Incidents/2019-03-27 gerrit

From Wikitech

Summary

Gerrit's CPU consumption has been elevated for some time, possibly due to git gc having been disabled for some time. Slow pageloads have been noticeable. Today gerrit stopped responding to queries and had to be restarted, after which it worked again.

Impact

  • 800 requests returned some 5xx code from apache during the outage
  • 5 servers failed their puppet runs
  • Over the past several days there have been CI failures due to git pull timeouts
  • Over the past several days users have reported slow clones and slow patch-uploads

Detection

Automated monitoring and humans noticed Gerrit going fully unresponsive approximately simultaneously.

Timeline

This is a step by step outline of what happened to cause the incident and how it was remedied. Include the lead-up to the incident, as well as any epilogue, and clearly indicate when the user-visible outage began and ended.

All times in UTC.

  • 2019-03-05: regularly-scheduled git gc disabled to prevent corruption of packfile list due to concurrent access during GC jGit issue 544199
  • approx 2019-03-20: gerrit CPU usage begins to be higher than usual
  • 2019-03-27 18:39: two users report that gerrit seems down OUTAGE BEGINS
  • 18:40: icinga reports socket timeouts for gerrit
  • 18:47: thcipriani attempts to use jstack to gather stack traces; gets error: "Unable to open socket file: target process not responding or HotSpot VM not loaded"; re-runs with -F
    Attaching to process ID 13929, please wait...
    Debugger attached successfully.
    Server compiler detected.
    JVM version is 25.181-b13
    Deadlock Detection:
    
    Can't print deadlocks:Unable to deduce type of thread from address 0x00007f3a5445e800 (expected type JavaThread, CompilerThread, ServiceThread, JvmtiAgentThread, or SurrogateLockerThread)
    
  • 18:48: thcipriani restarts gerrit service
  • 18:51: icinga reports recovery OUTAGE ENDS
  • 19:27: thcipriani makes a local backup and runs gerrit gc on mediawiki/core repo
  • 19:39: that gerrit gc completes; size difference approx 353MB
  • 19:51: thcipriani repeats the process for operations/puppet repo
  • 20:0x (didn't note time): gerrit gc completes for operations/puppet with a 121MB savings

Conclusions

What weaknesses did we learn about and how can we address them?

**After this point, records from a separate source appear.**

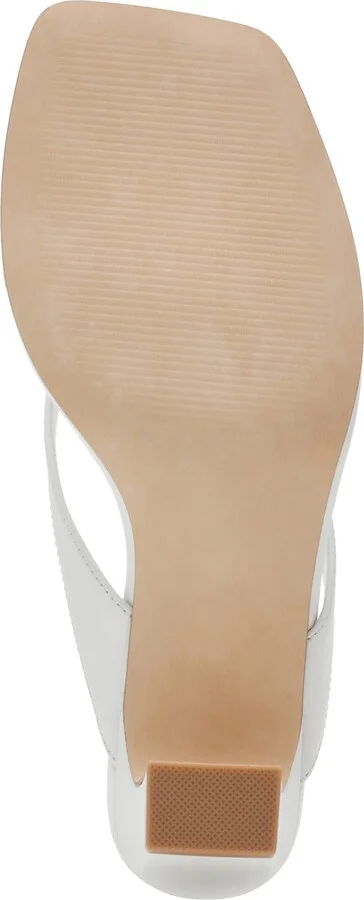 Steve Madden Women's Ninna Blade Heel Thong Sandals - Image 9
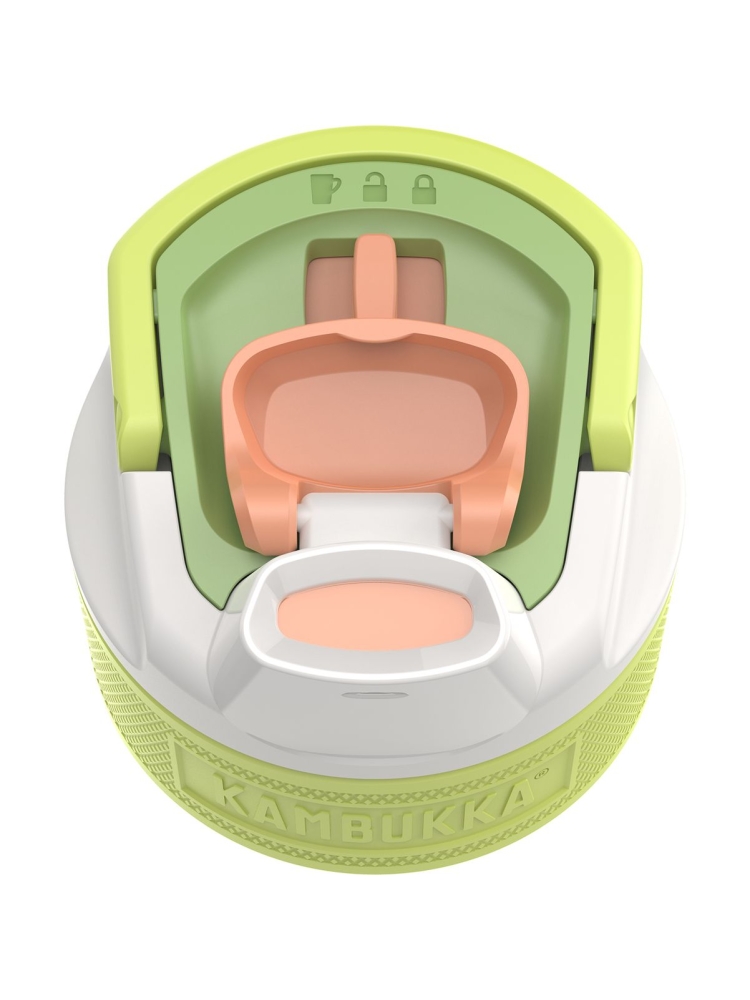 Kambukka Elton 750ml  Fine Lime 11-03040 drinkflessen en thermosflessen online bestellen bij Kathmandu Outdoor & Travel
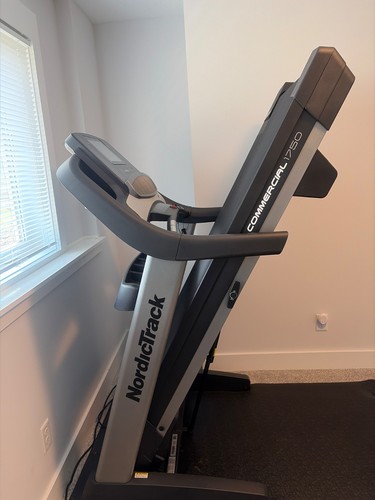 Nordictrack commercial 1750 - nordictrack,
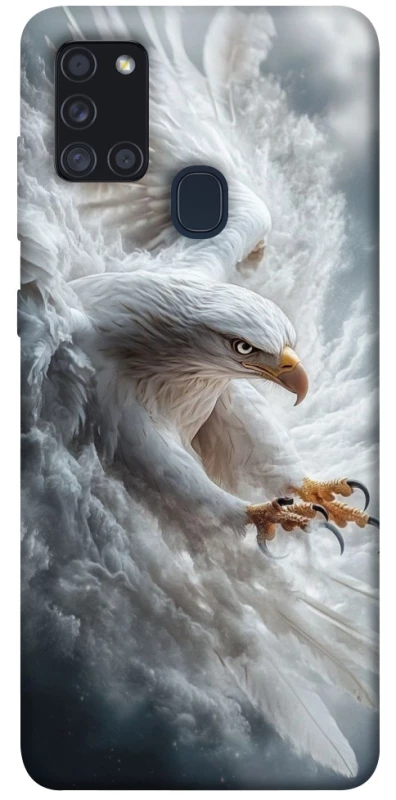 Чехол на Samsung Galaxy A21s eagle фото 1 из 1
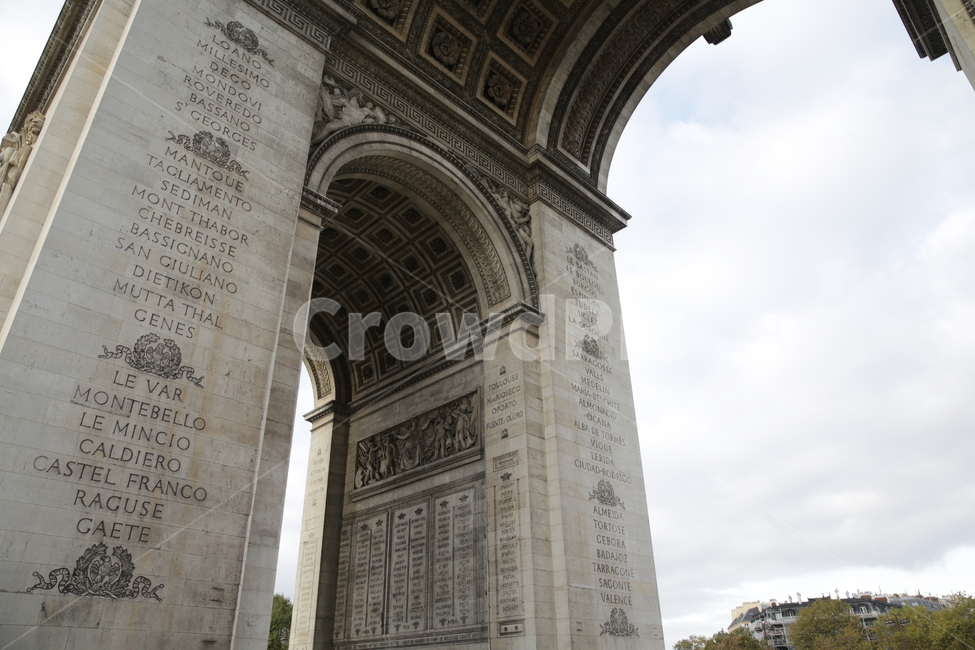 프랑스,파리,개선문,france,paris,랜드마크,landmark,tourist attraction,해외,외국,세계,foreign,oversea,world,세계랜드마크,해외랜드마크,외국랜드마크,world landmark,world tourist attraction,건축물,건물외관,exterior,building,structure,architecture,construction,monument,기념물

The following sub-sections should have a couple brief bullet points each.

What went well?

  • Automated monitoring quickly detected the actual outage
  • Recovered from outage relatively quickly
  • Lots of people paying attention/quick response
  • Staggered puppet runs mean that impact for servers was minimal

What went poorly?

  • Unclear if our theory of the root cause of the issue is actually true; time will tell

Where did we get lucky?

  • Incident occurred when thcipriani was around
  • release train was not impacted

Links to relevant documentation

Where is the documentation that someone responding to this alert should have (runbook, plus supporting docs). If that documentation does not exist, there should be an action item to create it.

Actionables

Explicit next steps to prevent this from happening again as much as possible, with Phabricator tasks linked for every step.

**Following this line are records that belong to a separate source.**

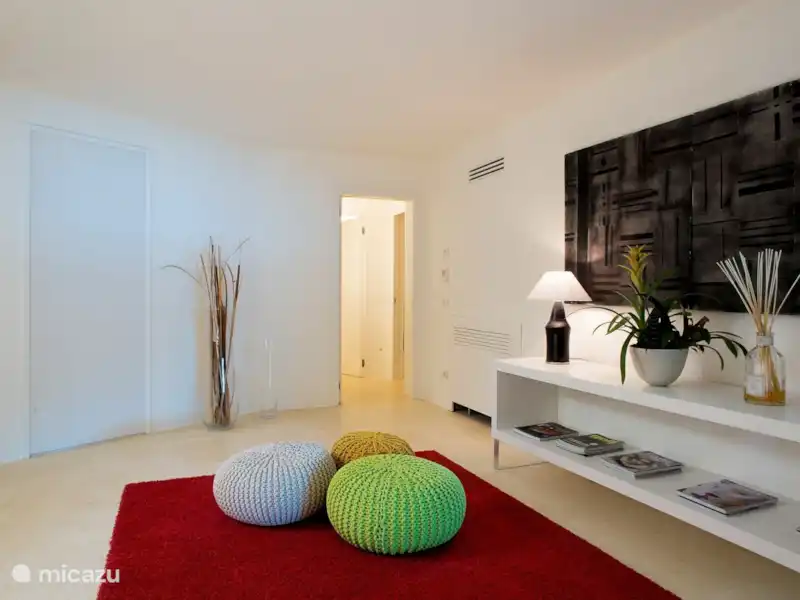 Villa Mirella en Italia, Cerdeña, Porto Cervo - Villa Villa Mirella en Italia, Cerdeña, Porto Cervo - Villa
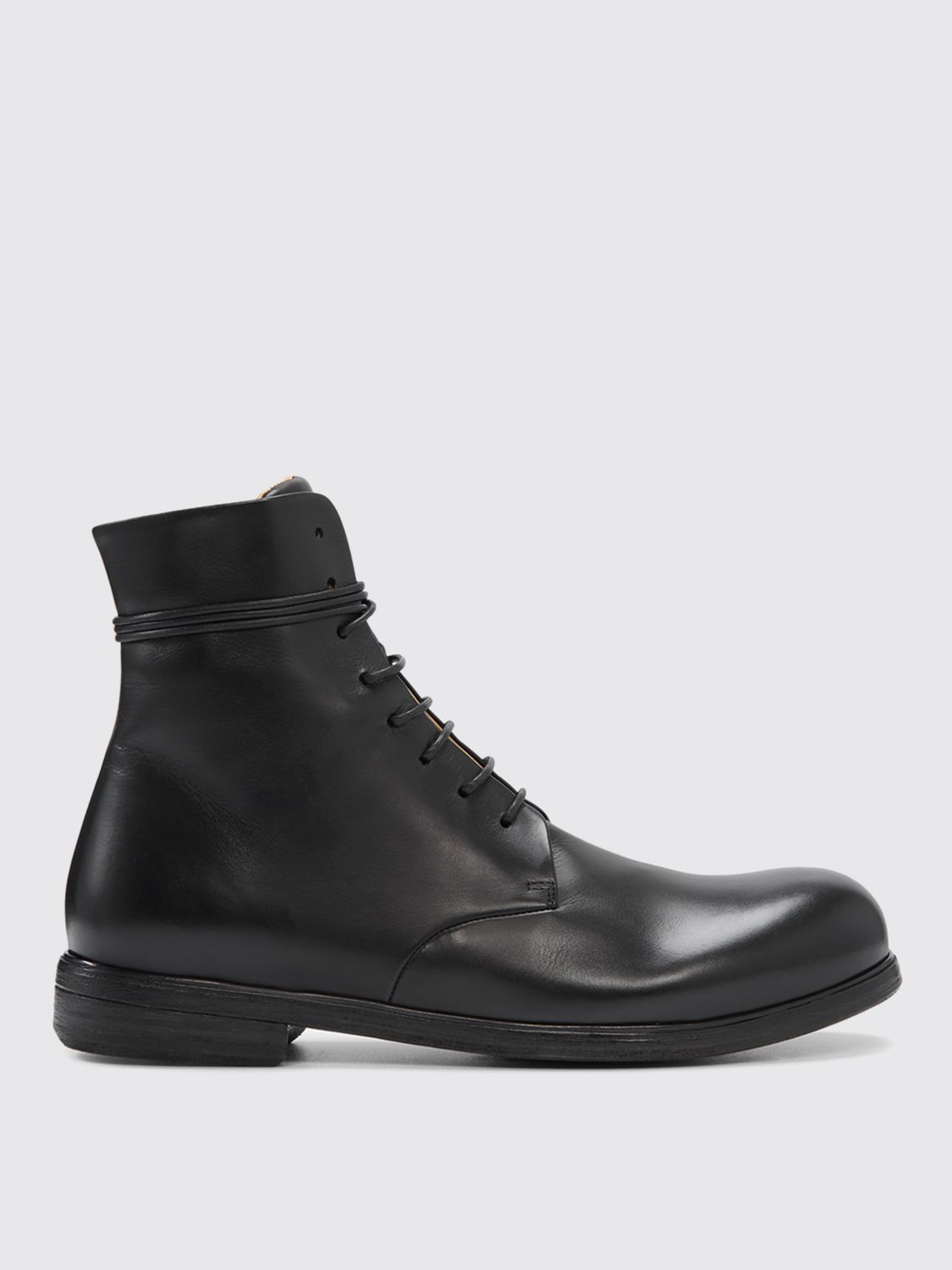 Marsèll Brogue Shoes MARSÈLL Men colour Black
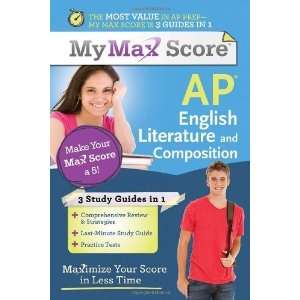    Maximize Your Score in Less Time [Paperback] Tony Armstrong Books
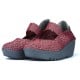 MANOLETINAS BERNIE MEV LULIA W RED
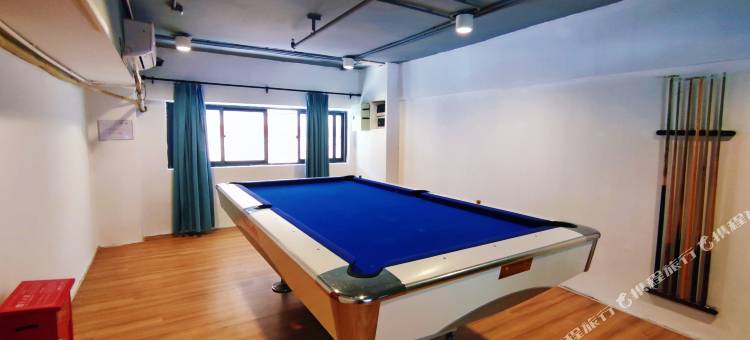 龙湖冠寓(横岗四联路店)图片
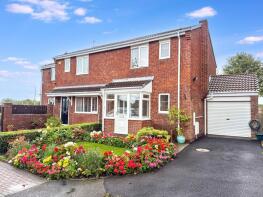 11, Calley Close, Peterlee SR8 1LZ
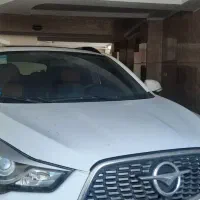 هایما s5 اسفند 1402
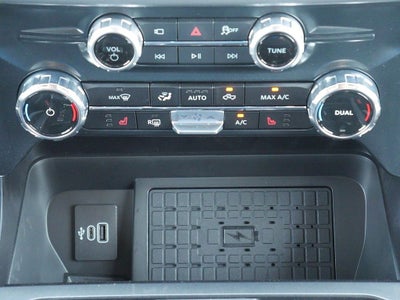 2026 Ford F-150 XLT BLACK WIDOW 4WD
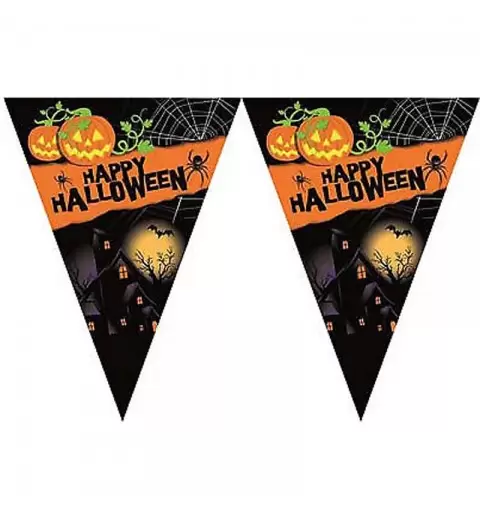 SET ADDOBBI HALLOWEEN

NOTE: Please add the #wikimedia-incident Phabricator project to these follow-up tasks and move them to the "follow-up/actionable" column.

  • task T184086 Install gerrit's prometheus_exporter plugin so we have clearer visibility into gerrit internals
  • 499289 Now that it should be safe to do so, re-enable regular git gc
  • TODO update gerrit documentation for things to check in case of high-load
  • TODO update gerrit documentation how to grab a stack trace (thcipriani frantically ctrl-r/looking for irc scrollback)